Multi-node/Multi-gpus Data analytics with RAPIDS

Dask-RAPIDS is a powerful integration between Dask and RAPIDS that enables scalable, GPU-accelerated data processing across multiple GPUs and nodes.

On one hand, RAPIDS provides GPU-accelerated versions of pandas, NumPy, and scikit-learn (e.g., cuDF, cuML, cuGraph). On the other hand, Dask provides a distributed computing framework that allows you to run these RAPIDS components in parallel across many GPUs.

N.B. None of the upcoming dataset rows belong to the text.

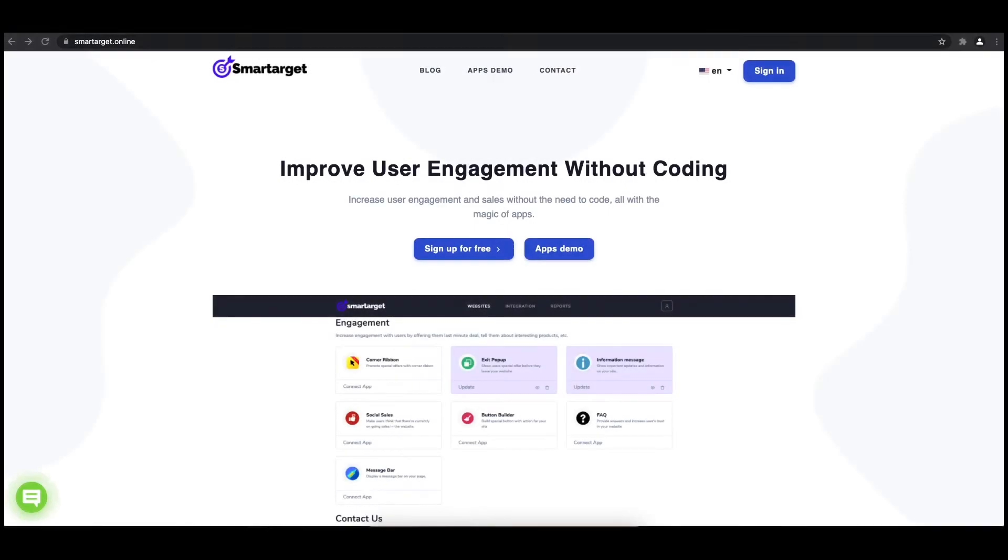Hey and welcome to the tutorial which explains how to add pop-up to your ThriftCart website by using SmartTarget. It takes less than two minutes and is completely free.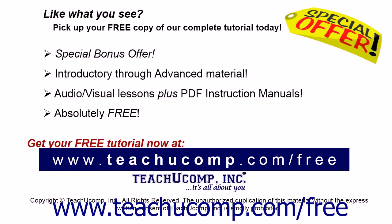Like what you see? Pick up your free copy of the complete tutorial at www.teachucomp.com forward slash free.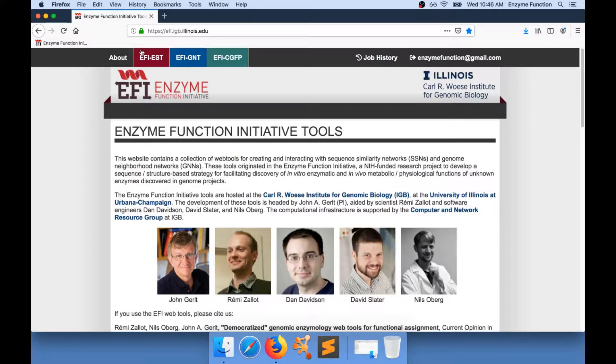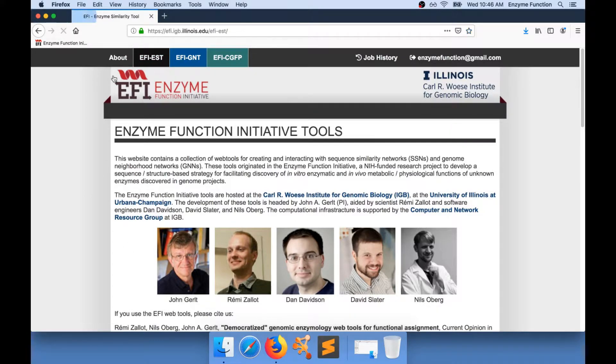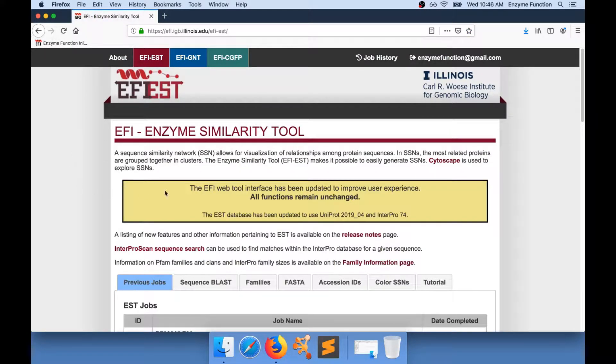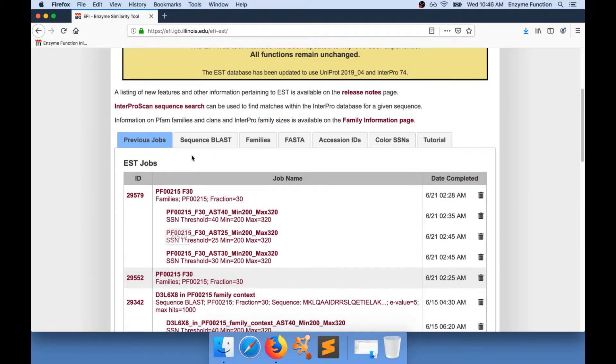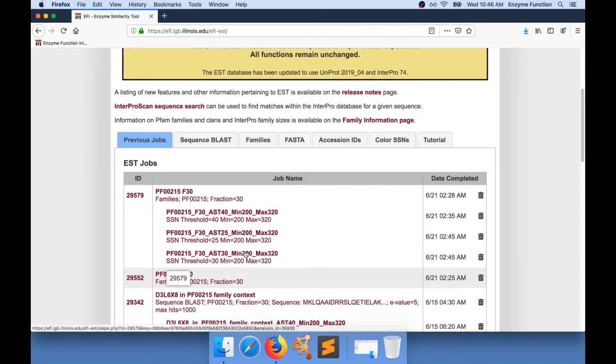On the EFI EST website, you can create sequence similarity networks. I have generated some sequence similarity networks and I'm going to download one of them.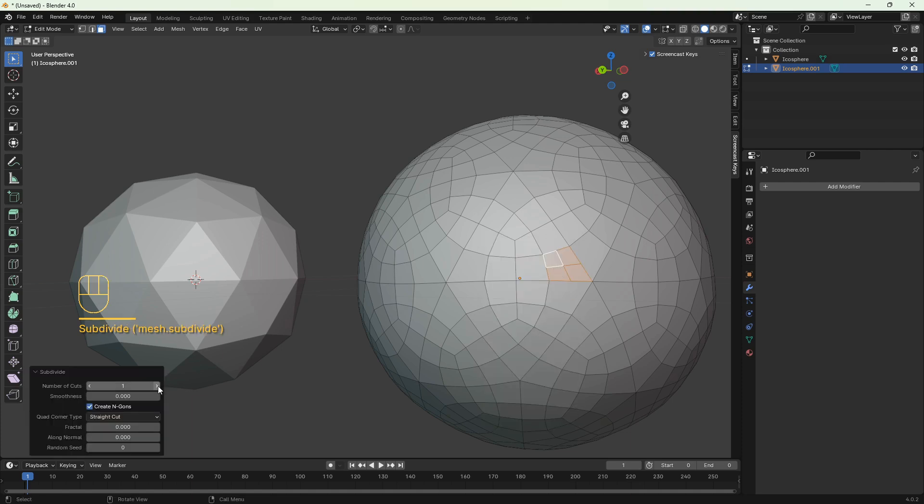So now you see how easy it is to add geometry. That's it for this video. Don't forget to subscribe and see you next time.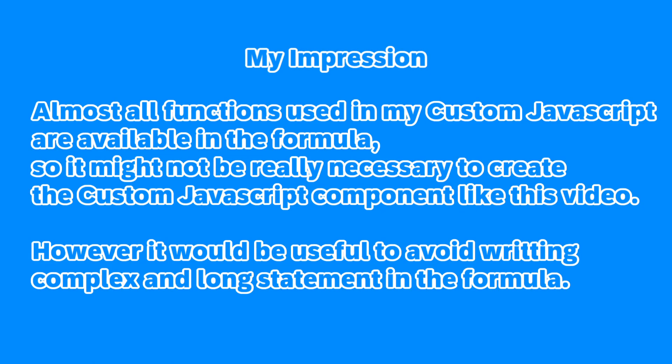My impression. Almost all functions used in my custom JavaScript are available in the formula, so it might not be really necessary to create the custom JavaScript component like this video. However, it would be useful to avoid writing complex and long statements in the formula.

Together, Dask-RAPIDS enables:

Processing terabyte-scale data on multi-GPU or multi-node clusters
Familiar pandas/scikit-learn-style APIs, backed by GPU speed
Real-time performance monitoring via Dask Dashboard

The tight integration with CuPy, dask_cudf, dask_cuda, and UCX (for fast GPU communication) is ideal for interactive data science, big data processing, and building GPU-accelerated ML pipelines.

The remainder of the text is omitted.